Excitement,happiness and a little sad.

Well I definitely have a mix of emotions right now. I am 39 weeks today so only a week to go for my due date. I am excited to meet my little one that is for sure but I am not really in a rush. It would be nice if she came right on time though. I will miss being pregnant I know that already, I quite enjoy this feeling of pregnancy.
I have had a busy but nice week. Monday I went to visit a good friend and it was nice to have a visit before we both have our babies. I know i will learn a lot from her. Then I worked Monday night shift. For the first time I didn't really mind being there. It went by fast I was happy to be leaving. Don't get me wrong I LOVE my job but I was ready for a break. I don't go back till May of 2010. Then Tuesday I didn't really get any sleep only an hour and a half which wasn't' really enough. I had my doctors appointment which isn't really a big deal at this point. Then I went and got waxed. I made sure my legs, underarms and eyebrows were all done so I don't have to worry about them for a while now. Then we went out to the shooting range. I won't be able to go much once she is born so I figure I will get my time in now. We were the only ones there which was nice cause we just shot the small stuff so I could be there the whole time. When people shoot the larger stuff I have to leave so the sound isn't bad for the baby.

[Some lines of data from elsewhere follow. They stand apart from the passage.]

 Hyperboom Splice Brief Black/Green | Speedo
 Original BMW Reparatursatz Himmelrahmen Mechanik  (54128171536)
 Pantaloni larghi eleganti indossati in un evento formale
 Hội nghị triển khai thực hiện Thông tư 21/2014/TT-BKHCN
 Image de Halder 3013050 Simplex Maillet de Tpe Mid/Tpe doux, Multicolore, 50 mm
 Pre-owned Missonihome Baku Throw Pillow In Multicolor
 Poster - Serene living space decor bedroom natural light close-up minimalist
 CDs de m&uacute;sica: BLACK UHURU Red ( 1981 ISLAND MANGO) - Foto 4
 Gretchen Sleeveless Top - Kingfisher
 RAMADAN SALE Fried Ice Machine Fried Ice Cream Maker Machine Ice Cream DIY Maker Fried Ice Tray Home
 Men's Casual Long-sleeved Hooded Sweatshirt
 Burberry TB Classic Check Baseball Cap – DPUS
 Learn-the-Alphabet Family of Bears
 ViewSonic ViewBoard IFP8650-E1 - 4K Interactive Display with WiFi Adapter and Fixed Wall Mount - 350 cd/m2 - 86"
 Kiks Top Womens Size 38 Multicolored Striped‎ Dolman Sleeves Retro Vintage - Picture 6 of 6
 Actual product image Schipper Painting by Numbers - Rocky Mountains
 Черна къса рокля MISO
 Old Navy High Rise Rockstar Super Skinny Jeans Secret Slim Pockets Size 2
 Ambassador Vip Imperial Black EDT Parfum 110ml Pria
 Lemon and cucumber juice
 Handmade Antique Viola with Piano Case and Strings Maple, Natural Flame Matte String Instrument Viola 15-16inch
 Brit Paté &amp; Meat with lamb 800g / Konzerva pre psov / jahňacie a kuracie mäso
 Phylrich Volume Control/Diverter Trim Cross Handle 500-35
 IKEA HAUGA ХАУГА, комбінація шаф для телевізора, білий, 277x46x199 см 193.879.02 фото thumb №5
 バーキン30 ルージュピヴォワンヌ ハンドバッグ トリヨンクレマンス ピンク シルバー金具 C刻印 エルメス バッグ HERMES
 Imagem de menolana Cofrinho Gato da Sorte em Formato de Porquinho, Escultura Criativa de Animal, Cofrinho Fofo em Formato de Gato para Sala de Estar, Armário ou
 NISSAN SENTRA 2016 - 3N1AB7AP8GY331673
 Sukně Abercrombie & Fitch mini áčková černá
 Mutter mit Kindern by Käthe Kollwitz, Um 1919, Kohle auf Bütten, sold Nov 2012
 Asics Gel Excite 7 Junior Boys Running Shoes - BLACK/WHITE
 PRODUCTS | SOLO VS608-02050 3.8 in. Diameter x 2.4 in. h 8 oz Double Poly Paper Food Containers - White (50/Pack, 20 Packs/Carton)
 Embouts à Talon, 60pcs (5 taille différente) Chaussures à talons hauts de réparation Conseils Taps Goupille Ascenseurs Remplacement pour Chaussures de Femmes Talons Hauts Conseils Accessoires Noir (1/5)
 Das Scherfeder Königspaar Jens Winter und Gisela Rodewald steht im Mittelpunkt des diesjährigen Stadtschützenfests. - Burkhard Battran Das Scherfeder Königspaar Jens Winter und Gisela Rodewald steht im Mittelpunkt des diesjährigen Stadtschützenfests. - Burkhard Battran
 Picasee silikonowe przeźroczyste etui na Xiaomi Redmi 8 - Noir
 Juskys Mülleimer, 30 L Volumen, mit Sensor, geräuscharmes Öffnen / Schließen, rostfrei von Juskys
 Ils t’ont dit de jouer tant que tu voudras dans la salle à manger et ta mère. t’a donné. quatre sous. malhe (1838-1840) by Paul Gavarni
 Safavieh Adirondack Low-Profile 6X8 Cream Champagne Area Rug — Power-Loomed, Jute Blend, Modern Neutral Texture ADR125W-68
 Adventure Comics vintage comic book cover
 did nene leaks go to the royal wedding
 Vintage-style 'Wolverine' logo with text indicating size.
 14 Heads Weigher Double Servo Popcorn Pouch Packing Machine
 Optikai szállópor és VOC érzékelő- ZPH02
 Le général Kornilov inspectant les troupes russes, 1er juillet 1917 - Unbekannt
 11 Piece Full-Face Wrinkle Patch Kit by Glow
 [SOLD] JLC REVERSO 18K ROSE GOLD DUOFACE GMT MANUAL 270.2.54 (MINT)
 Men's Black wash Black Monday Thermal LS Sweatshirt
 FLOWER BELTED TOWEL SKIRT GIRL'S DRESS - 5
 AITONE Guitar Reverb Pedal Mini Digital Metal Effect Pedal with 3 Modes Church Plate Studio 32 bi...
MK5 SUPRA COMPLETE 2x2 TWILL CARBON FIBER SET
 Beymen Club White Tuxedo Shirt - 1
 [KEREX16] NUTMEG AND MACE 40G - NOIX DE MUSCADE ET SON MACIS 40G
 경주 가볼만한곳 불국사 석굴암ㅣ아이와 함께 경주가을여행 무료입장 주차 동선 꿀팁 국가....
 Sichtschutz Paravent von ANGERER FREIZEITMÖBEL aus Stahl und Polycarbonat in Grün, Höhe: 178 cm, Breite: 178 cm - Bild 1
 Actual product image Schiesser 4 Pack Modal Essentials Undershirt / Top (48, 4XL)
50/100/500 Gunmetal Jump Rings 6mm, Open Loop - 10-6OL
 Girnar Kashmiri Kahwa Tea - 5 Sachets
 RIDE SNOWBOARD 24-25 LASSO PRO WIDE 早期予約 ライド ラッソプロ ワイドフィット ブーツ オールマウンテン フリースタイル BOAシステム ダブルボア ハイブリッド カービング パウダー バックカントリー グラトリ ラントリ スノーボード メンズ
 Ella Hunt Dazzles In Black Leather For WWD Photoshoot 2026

Yesterday I had to take the car into Chevy for the servicing, now that is done we can out the car seat in the car. Tony had planned to do it sooner but when we noticed the car was due he didn't want it in there with others going in there too. He was worried they would touch it or something. I then got my nails done and a pedicure. They gave me a great foot and leg massage it was wonderful. I didn't know how bad I needed that. Then the best part of my week. We went out for dinner just the 2 of us. We tend to not go out for dinner when it is just the 2 of us. This was my Valentines dinner that we were supposed to do but ran out of time. We went to the Olive Garden which I love. It was so nice to just have a great dinner just the 2 of us. We talked about everything and yet not much about the baby. I think because we talk about her so much. It was then that I got a bit sad. It will never be just the 2 of us any more. For 12 years it has been "us' Now "us" will be 3 not 2. I am so happy to be having a baby finally and adding to our family but it will be different. I know it will be better but 12 years of 2 has been great, and many many years of 3 will be wonderful I am sure.

2 comments:

kortney said...

Any time to come meet Alexys before your sweet girl is born? We'd love to hang out!

Nicole said...

You're so close!! I'm looking forward to seeing your birth announcement :)

Don't worry, you'll still have time for the two of you again. It may not be for the first year, and it will take more planning than before, but it will happen.